Le second démon, typiquement incarné par le tyran, à la recherche non du sur-savoir mais de la sur-puissance, peut causer lui aussi bien des ravages ; mais, outre qu’ils sont limités, sectoriels, n’est pas non plus tyran qui veut ; il faut pour cela une énergie vitale, une virilité endurante qui n’est pas le lot de n’importe qui. Bref, on voit mal l’ordre naturel gravement affecté par les Caligula ou par les docteurs Faust.

Ce qu’on voit très bien en revanche, c’est qu’il puisse être profondément subverti par un troisième démon, celui qui fait l’avide, le « pléonexique », le « cupide » : l’homme livré à l’appétit matériel, à l’appétit économique. Ce dernier a pour triste caractéristique de pouvoir être, contrairement aux deux autres, le fait de Monsieur tout le monde. Tout le monde ne peut pas être le docteur Mabuse ou Napoléon ; mais n’importe qui peut devenir le sectateur zélé du « Monoprix » du coin, accédant au statut d’univers référentiel, de milieu de vie absolu pour l’homme moyen qui peuple le globe.

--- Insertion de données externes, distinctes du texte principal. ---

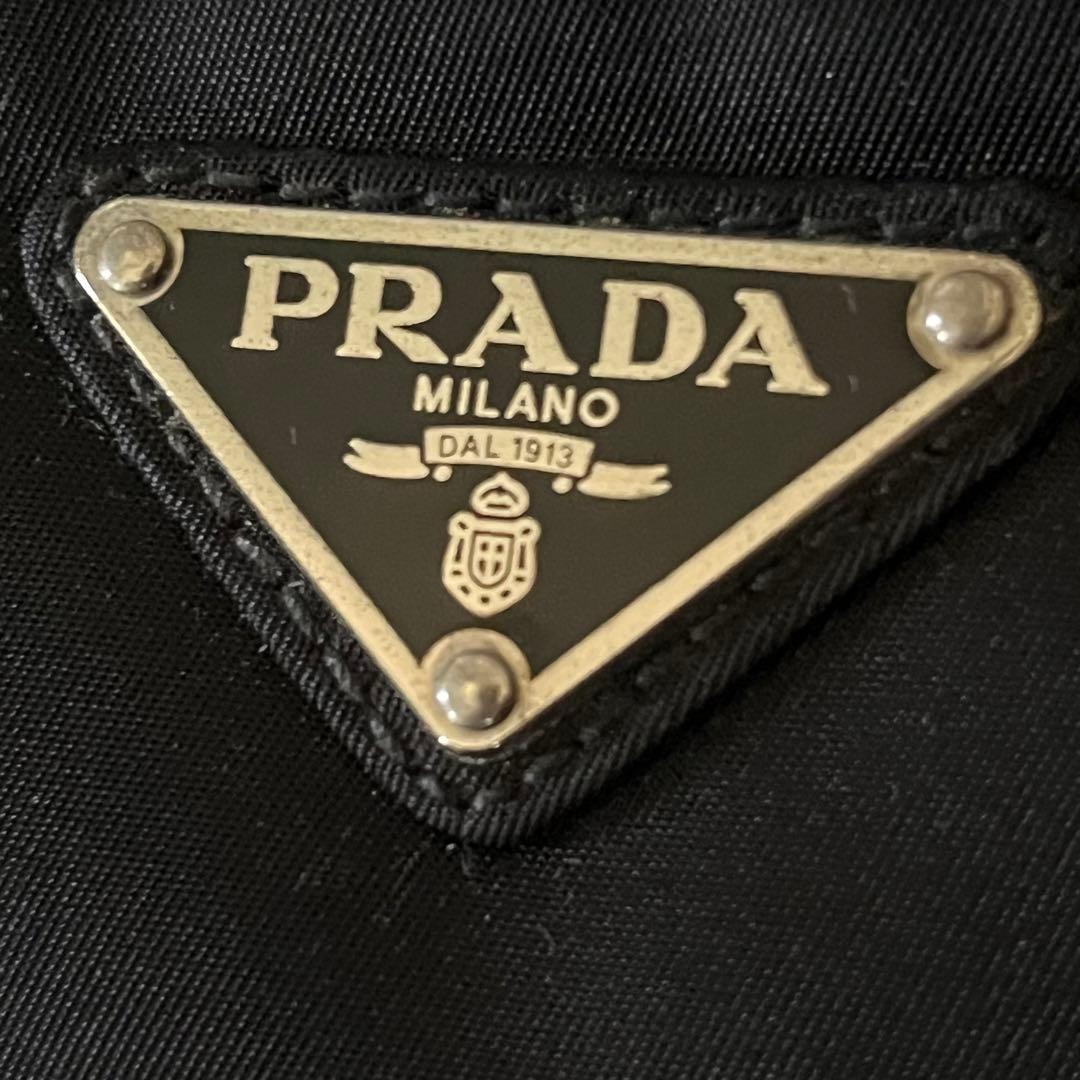 【美品】PRADA ウエストバッグ　三角ロゴ　黒　ナイロン　近年モデル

La passion économique, devenue dominante depuis le siècle dernier, a entraîné à la fois la remise en cause générale de la notion d’ordre naturel et, au niveau des faits, l’extrême affaiblissement de ceux-ci.

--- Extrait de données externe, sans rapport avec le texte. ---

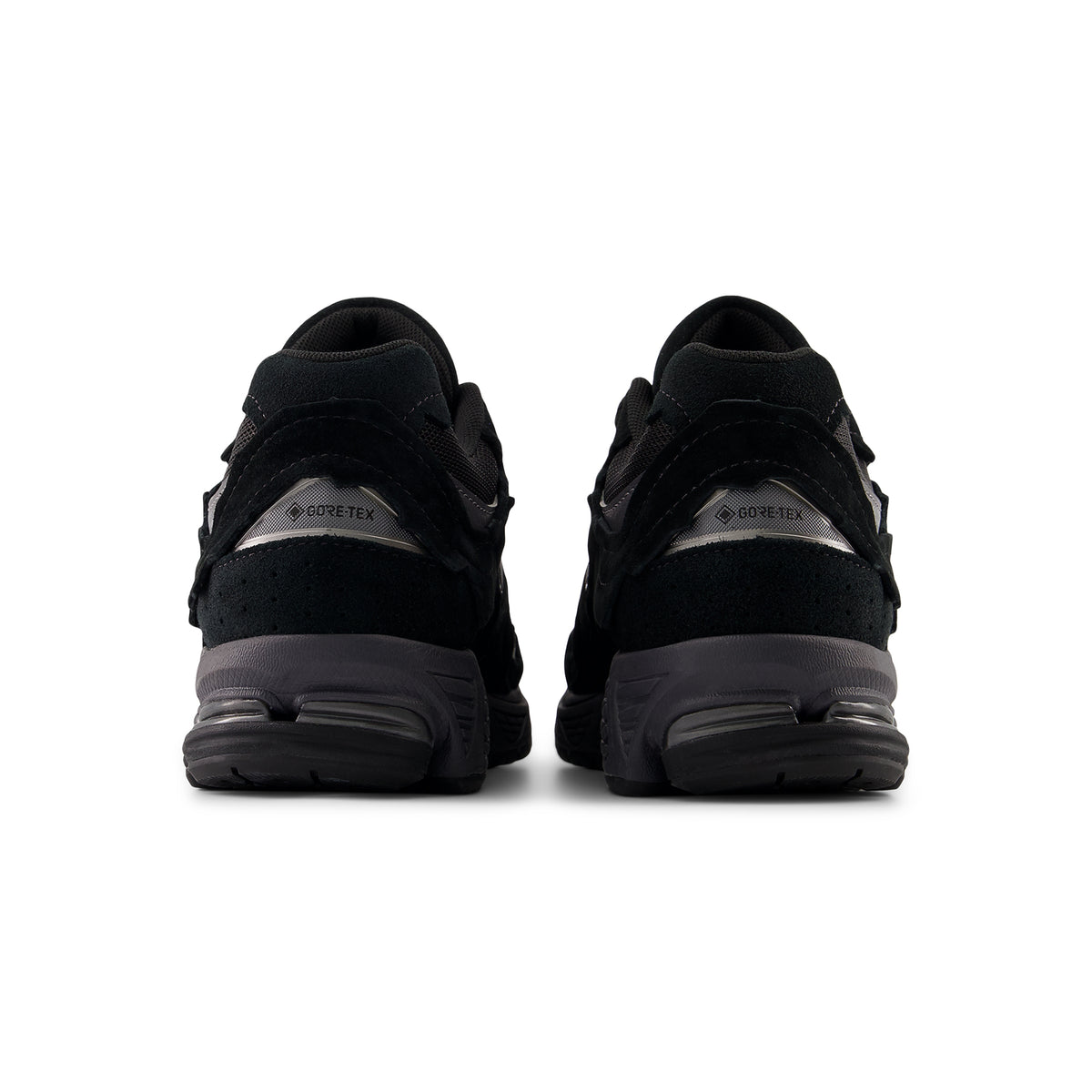 New Balance 2002R Gore-Tex (Black/Magnet)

L’ « homo œconomicus » (pour lui donner le nom qu’il a lui-même inventé pour se désigner) peut être considéré comme le fossoyeur de la nature humaine, dans l’acceptation traditionnelle de celle-ci.

1) la modernité, obsédée de croissance économique, a mis en chômage technique la métaphysique, la religion, voire la science elle-même dans sa dimension spéculative : autrement dit toutes les activités proprement théorétiques qui font l’éminence de notre nature. Qu’un utilitarisme forcené, en vigueur depuis Descartes, ait érodé la spiritualité de l’homme est devenu aujourd’hui évident.

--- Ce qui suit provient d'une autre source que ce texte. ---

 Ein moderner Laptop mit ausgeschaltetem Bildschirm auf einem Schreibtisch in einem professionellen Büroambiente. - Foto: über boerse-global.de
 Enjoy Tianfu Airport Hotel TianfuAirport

2) Cette même modernité économique, en suscitant un développement hypertrophique des égoïsmes individuels, a entraîné une dysharmonie sociale générale. Là où tous ne songent plus qu’à améliorer sans cesse leur situation, leurs gains, leur standing, leur confort, etc…, la tension sociale devient la norme, le succès de X ayant évidemment pour corollaire l’échec de Y. L’économisme, après avoir détruit l’animal logique, comme disait Aristote, détruit l’animal social, en le mettant, partout où il se répand, en guerre contre lui-même.

3) Enfin, l’économisme travaille sourdement contre l’autorité, perçue comme une gêne par les hédonistes, qui y voient la policière marginale d’un monde de l’échange ayant pour but de pouvoir s’en passer : c’est la fin (au sens technique du terme cette fois) de l’animal politique, après celle des deux autres.

Bref, il pourrait bien se faire que le refus collectif de la frugalité, signe de l’emprise sur l’occident du « troisième démon » évoqué à l’instant, conduise à une impasse généralisée, dont on ne pourrait dès lors sortir, ou plutôt essayer de sortir, que par des moyens froidement perçus comme artificiels. Le plus efficace d’entre eux ne serait-il pas la guerre rationnellement planifiée, permettant à un ordre social en déroute, voire proche de la consomption, de se refaire une apparence de santé ? En le suggérant à travers les lignes, le Rapport apporterait, à sa façon, sa pierre bien involontaire au soutien métaphysique de l’ordre qu’il détruit …

Ainsi, sans doute, le thomisme n’avait-il pas tort d’affirmer que l’ « amor habendi », en apparence la plus anodine des trois concupiscences, est en réalité la plus dangereuse. Moins peccamineuse que l’orgueil, elle fait finalement plus de mal que lui. A raison de la participation massive que sa médiocrité même autorise, elle est peut-être l’agent destructeur numéro un d’une civilisation.


* Désidérabilité. Terme créé par Vilfredo Pareto pour désigner ce qu’on appelle parfois la « valeur d’usage » d’un bien économique. L’ophélimité s’oppose à « l’utilité », qui suppose un jugement de valeur objectif, en ce qu’elle répond au seul désir d’un individu donné (que ce désir soit sain ou pathologique, juste ou injuste, etc.).